§ **Assigned task**: Reproduce exactly, from the data that follows, the line with "We'll be back", the line with "This is useful", and every line that lies between them.

§ **Records supplied**:
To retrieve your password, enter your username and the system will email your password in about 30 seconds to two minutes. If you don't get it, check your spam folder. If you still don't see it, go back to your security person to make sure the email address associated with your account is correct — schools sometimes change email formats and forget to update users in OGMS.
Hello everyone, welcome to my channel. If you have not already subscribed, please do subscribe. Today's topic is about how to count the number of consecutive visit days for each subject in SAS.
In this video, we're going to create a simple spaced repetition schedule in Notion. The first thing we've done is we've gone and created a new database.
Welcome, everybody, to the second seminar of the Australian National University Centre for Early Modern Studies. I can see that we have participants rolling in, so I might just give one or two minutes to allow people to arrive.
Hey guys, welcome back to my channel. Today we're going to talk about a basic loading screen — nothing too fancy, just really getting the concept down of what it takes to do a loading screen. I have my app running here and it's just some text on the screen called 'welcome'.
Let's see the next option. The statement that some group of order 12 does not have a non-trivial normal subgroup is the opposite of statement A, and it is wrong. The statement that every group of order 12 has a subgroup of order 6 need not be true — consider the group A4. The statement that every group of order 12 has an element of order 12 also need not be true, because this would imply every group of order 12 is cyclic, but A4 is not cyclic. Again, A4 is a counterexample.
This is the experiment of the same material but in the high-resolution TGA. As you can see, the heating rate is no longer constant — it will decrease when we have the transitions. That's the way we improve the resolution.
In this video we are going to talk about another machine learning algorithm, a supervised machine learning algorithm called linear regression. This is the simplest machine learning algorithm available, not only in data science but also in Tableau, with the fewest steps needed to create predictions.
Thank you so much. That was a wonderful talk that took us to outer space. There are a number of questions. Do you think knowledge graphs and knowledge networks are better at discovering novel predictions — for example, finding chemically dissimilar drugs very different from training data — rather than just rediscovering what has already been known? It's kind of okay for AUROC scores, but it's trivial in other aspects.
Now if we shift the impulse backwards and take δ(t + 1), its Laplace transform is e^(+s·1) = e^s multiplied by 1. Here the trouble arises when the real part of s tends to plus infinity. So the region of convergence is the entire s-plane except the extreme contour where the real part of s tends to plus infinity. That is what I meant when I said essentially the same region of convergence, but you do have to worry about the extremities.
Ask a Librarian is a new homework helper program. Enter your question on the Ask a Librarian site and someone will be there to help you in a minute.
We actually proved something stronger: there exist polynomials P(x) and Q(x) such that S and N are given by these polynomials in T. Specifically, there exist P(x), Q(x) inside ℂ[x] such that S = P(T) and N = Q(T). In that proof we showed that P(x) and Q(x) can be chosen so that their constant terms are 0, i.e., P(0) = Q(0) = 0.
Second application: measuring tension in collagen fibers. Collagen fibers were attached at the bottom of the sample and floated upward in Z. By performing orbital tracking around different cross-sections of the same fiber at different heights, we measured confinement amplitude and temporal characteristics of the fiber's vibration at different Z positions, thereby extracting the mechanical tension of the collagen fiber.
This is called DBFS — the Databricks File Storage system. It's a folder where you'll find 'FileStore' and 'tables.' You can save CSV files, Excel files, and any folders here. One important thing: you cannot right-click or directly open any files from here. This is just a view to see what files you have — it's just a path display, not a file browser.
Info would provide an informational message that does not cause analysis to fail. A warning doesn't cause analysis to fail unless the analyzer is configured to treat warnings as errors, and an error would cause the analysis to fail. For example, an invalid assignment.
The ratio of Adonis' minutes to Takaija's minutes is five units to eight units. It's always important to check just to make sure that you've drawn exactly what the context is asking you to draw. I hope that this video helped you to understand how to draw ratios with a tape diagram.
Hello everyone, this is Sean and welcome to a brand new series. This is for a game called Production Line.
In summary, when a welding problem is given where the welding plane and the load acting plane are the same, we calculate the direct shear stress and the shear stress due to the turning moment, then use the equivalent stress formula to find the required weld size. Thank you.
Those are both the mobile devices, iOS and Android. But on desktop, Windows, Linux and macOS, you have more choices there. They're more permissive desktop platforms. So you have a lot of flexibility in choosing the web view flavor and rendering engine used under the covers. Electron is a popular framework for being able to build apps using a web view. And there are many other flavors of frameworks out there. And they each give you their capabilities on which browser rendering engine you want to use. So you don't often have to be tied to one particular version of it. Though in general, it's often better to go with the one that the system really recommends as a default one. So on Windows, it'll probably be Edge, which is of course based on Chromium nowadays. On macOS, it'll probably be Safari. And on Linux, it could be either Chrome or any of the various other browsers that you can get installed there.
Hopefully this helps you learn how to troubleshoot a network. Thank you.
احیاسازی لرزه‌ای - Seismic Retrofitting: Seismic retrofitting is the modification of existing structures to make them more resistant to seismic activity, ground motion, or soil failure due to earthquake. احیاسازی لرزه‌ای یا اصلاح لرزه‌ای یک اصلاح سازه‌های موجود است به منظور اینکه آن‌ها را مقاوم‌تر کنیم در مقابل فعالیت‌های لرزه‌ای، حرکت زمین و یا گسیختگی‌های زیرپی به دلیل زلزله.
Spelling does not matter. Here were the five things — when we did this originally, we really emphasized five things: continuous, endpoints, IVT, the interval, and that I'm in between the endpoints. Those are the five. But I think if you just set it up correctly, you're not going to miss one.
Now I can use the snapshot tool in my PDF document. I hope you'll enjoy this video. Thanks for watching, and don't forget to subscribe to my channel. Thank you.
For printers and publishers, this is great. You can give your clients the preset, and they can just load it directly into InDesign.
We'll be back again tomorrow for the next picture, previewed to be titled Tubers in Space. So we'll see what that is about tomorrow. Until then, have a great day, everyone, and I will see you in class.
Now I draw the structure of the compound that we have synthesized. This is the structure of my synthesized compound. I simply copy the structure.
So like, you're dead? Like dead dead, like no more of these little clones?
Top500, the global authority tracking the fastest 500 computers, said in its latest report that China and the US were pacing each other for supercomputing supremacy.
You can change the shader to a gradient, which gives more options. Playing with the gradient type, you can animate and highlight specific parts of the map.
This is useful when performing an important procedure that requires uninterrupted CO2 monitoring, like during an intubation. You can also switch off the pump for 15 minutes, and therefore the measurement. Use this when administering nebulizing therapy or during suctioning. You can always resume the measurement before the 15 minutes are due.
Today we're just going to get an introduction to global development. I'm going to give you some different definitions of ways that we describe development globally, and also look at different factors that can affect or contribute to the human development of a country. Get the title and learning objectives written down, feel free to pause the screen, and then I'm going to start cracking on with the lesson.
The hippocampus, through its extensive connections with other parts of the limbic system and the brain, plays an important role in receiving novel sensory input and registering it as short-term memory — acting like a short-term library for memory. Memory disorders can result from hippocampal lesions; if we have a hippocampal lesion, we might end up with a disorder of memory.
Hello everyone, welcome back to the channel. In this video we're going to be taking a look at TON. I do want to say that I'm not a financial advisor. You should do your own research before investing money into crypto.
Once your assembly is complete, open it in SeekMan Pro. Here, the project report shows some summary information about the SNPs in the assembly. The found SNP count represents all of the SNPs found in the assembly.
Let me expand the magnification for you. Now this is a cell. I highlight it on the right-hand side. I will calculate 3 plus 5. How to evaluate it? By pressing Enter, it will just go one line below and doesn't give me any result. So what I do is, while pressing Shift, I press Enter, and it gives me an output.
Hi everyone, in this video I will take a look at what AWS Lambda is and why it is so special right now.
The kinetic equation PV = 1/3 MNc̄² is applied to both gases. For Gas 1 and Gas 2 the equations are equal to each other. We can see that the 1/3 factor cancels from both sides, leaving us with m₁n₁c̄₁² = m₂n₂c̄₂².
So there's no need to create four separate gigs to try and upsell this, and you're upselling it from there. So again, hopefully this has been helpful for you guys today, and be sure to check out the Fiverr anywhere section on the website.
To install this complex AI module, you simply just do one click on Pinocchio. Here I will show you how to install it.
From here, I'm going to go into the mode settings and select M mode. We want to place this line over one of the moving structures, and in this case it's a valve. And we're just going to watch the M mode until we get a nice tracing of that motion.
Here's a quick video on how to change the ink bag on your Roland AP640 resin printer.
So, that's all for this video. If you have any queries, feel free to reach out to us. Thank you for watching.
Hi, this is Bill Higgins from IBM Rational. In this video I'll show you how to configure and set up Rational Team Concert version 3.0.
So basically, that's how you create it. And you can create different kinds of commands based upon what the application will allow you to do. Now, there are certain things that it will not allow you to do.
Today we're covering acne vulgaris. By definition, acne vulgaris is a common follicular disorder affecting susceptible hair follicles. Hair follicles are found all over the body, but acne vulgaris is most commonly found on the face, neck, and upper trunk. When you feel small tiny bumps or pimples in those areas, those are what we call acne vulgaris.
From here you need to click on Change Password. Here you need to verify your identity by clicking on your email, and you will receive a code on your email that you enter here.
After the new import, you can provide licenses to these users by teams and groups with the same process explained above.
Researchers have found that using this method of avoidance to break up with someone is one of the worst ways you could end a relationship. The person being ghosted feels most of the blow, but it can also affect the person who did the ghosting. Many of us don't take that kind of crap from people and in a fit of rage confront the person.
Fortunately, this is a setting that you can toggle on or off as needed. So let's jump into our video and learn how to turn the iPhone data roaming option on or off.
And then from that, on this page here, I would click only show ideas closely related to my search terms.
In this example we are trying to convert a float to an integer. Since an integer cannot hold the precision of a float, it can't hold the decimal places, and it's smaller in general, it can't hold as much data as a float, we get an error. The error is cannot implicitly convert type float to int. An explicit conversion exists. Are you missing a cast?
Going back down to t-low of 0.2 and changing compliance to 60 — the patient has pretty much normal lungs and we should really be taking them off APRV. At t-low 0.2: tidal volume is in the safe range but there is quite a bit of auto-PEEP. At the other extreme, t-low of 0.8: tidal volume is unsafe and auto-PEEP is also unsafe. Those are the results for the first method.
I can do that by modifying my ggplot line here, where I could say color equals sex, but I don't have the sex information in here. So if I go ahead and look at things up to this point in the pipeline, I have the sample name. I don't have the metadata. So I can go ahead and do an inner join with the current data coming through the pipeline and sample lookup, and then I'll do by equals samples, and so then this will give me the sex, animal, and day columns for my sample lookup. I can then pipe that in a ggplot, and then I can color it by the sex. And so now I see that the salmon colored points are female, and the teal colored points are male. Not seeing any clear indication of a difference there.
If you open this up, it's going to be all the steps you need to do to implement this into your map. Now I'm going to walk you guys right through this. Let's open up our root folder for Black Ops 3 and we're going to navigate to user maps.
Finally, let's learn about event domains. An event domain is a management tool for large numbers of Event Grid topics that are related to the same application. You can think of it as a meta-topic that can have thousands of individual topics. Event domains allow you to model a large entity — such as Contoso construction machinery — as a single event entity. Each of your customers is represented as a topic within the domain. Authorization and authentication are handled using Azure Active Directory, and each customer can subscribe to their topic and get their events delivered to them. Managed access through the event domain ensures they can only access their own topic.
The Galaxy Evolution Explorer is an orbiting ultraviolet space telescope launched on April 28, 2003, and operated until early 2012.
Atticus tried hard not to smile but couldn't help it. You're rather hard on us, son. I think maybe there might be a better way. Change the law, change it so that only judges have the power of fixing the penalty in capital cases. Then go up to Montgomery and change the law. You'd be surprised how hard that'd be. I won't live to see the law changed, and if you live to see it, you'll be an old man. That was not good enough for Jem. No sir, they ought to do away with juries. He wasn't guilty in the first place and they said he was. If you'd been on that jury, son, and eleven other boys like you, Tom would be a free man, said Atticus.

§ **Response to the task**:
We'll be back again tomorrow for the next picture, previewed to be titled Tubers in Space. So we'll see what that is about tomorrow. Until then, have a great day, everyone, and I will see you in class.
Now I draw the structure of the compound that we have synthesized. This is the structure of my synthesized compound. I simply copy the structure.
So like, you're dead? Like dead dead, like no more of these little clones?
Top500, the global authority tracking the fastest 500 computers, said in its latest report that China and the US were pacing each other for supercomputing supremacy.
You can change the shader to a gradient, which gives more options. Playing with the gradient type, you can animate and highlight specific parts of the map.
This is useful when performing an important procedure that requires uninterrupted CO2 monitoring, like during an intubation. You can also switch off the pump for 15 minutes, and therefore the measurement. Use this when administering nebulizing therapy or during suctioning. You can always resume the measurement before the 15 minutes are due.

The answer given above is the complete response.